Antarktika Antlaşması’yla birlikte, Antarktika’ya ilişkin 3 ilave anlaşma, Antarktika Antlaşmalar Sistemi’ni (AAS) teşkil etmektedir. Bunlar, 1972 tarihli “Antarktik Ayı Balıklarını Koruma Sözleşmesi” (CCAS), 1980 tarihli “Deniz Canlı Kaynaklarının Korunması Hususunda Sözleşme” (CCAMLR) ve 1991 tarihli “Antarktika Antlaşması Çevre Koruma Protokolü”dür (Madrid Protokolü). Madrid Protokolü, 6 ekiyle birlikte, Antarktika’nın tabi olduğu ayrıntılı düzenlemeleri içermesi bakımından bilhassa önem taşımaktadır. Nitekim, istişari taraf olmanın bir şartı da bu protokole taraf olmaktadır. Protokolün 2. maddesi, Antarktika çevresi ile bağlı ve ilgili ekosistemlerin korunmasını öngörmekte; Antarktika’yı, huzur, barış ve bilime tahsis edilmiş doğal rezerv olarak belirlemektedir. Protokolün 7. maddesi ise, bilimsel amaçlar hariç olmak üzere, Antarktika’da maden çıkarılmasını yasaklamaktadır. Madrid Protokolü 1998’de yürürlüğe girmiş olup; 25. maddesi uyarınca, 20 yıllık sürenin sonunda (2048) protokolün gözden geçirilmesi imkanı sağlanmıştır. Bununla birlikte, 2016’da Santiago’da yapılan Antarktika Antlaşması İstişare Toplantısı’nda, 6 sayılı karar esasen Madrid Protokolü’nün 2048’de sona ermeyeceğine dikkat çekilmiştir. Madrid Protokolü’nün ülkemizdeki onay işlemleri, 27 Mayıs 2017 tarihinde tamamlanmış olup, katılım belgemiz 27 Eylül 2017 tarihinde, Sekretarya’ya iletilmiştir.1960’lardan bu yana Türk bilim insanları Antarktika konusunda çalışmalar yürütmüşlerdir. Bu çerçevede, Antarktika’da, Prof. Dr. Atok Karaali ve Prof. Dr. Umran İnan adlarını taşıyan coğrafi noktalar bulunmaktadır (Karaali Kayalıkları ve İnan Tepesi).

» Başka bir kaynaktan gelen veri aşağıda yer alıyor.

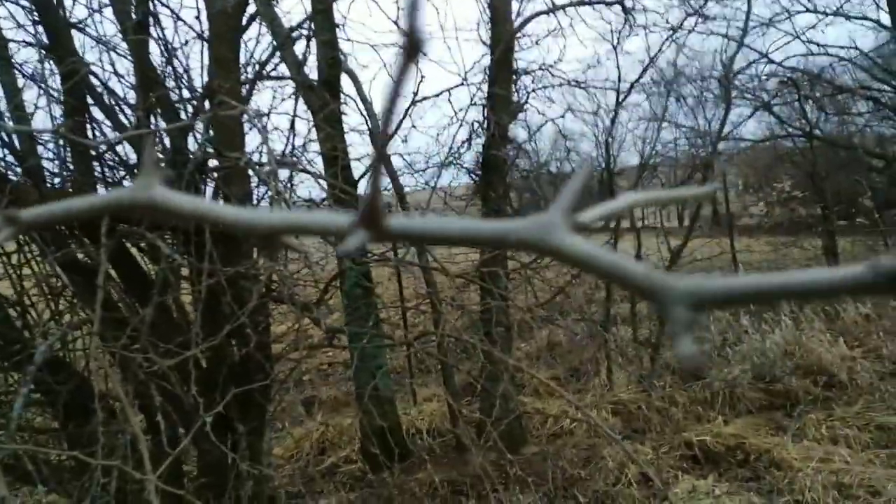Because there's a problem. Look at this tree. Look at the thorns on this thing.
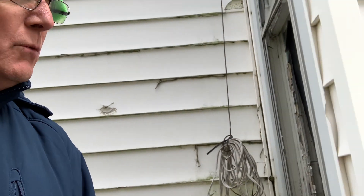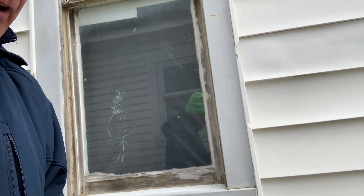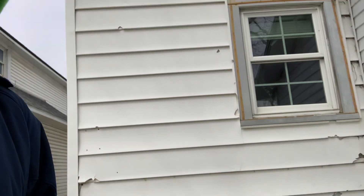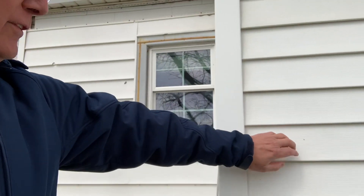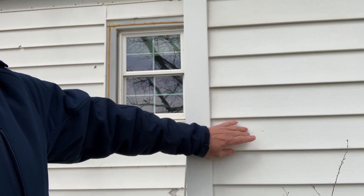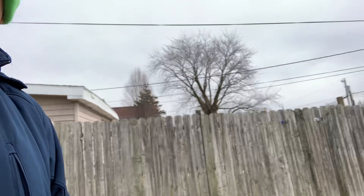We're going to install new windows there too. I want to show you the difference — you can see the siding here, how much smaller it is. This is vinyl siding, very inexpensive, and they put it half one way and half the other. We'll keep it with the vinyl siding like that.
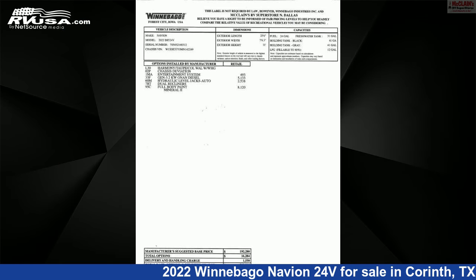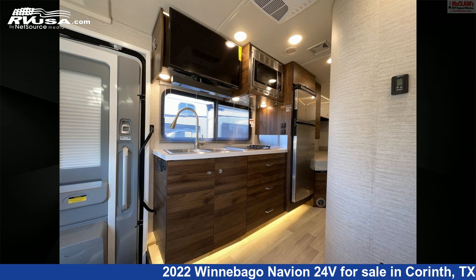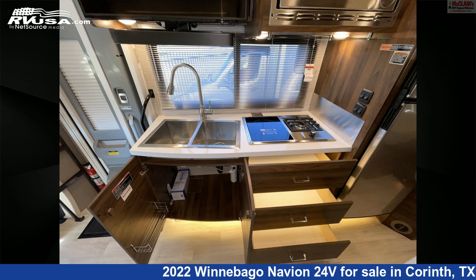This new Winnebago is 25 feet 6 inches in length and features one slide-out, sleeps six, auxiliary battery, TV, microwave, refrigerator, LP detector, leveling jacks, external shower, stove-top burner, skylight, awning, and 31 gallons fresh water capacity.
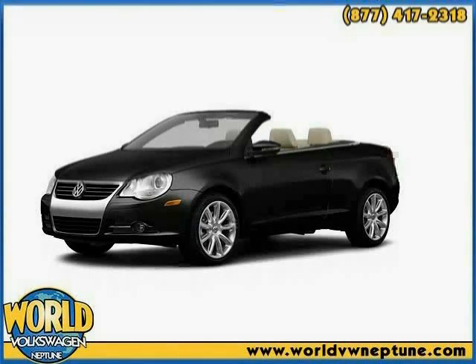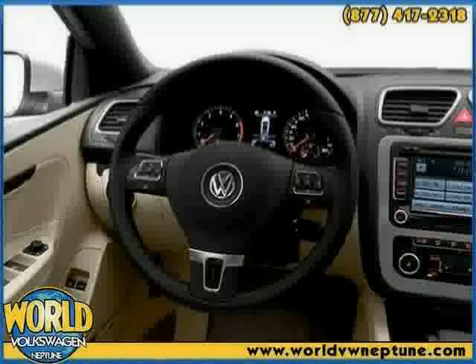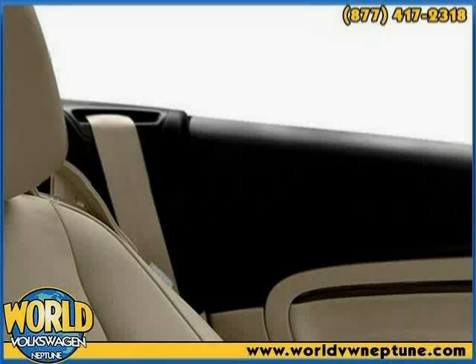This 2011 Volkswagen EOS is equipped with cruise control, air conditioning, power windows, power sunroof, power convertible top, heated outside mirrors, traction control system, dual airbags, heated driver's seat, anti-lock braking system, side airbag system, and power door locks.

Günümüzde de Türk bilim insanlarının Antarktika’ya ilgileri devam etmektedir. Birçok üniversitemiz ve bağlı enstitüler bünyesinde Antarktika araştırmaları yürütülmektedir. Bu kapsamda, İstanbul Teknik Üniversitesi’nin (İTÜ) bünyesinde kutup araştırmaları enstitüsü kurulmuştur (PolReC). 2013’ten bu yana, akademisyenlerimiz, Bulgar, Japon ve Ukraynalı bilim insanlarıyla işbirliği halinde Antarktika’da araştırmalar yürütmektedirler. 2016 yılında, çeşitli üniversitelerimizden müteşekkil ilk Türk bilim heyeti, Ukrayna Antarktika Araştırma Merkezi ile işbirliği halinde, Antarktika’ya bilimsel sefer gerçekleştirmiştir. Aynı yıl, TÜBİTAK, Antarktika Bilimsel Araştırmalar Komitesi (SCAR) ortak üyeliğine kabul edilmiştir. Ülkemizin kurduğu işbirlikleri kapsamında 2017 yılında, Bulgaristan, Çek Cumhuriyeti ve Şili’nin Antarktika bilimsel seferlerinde Türk bilim insanları yer almıştır.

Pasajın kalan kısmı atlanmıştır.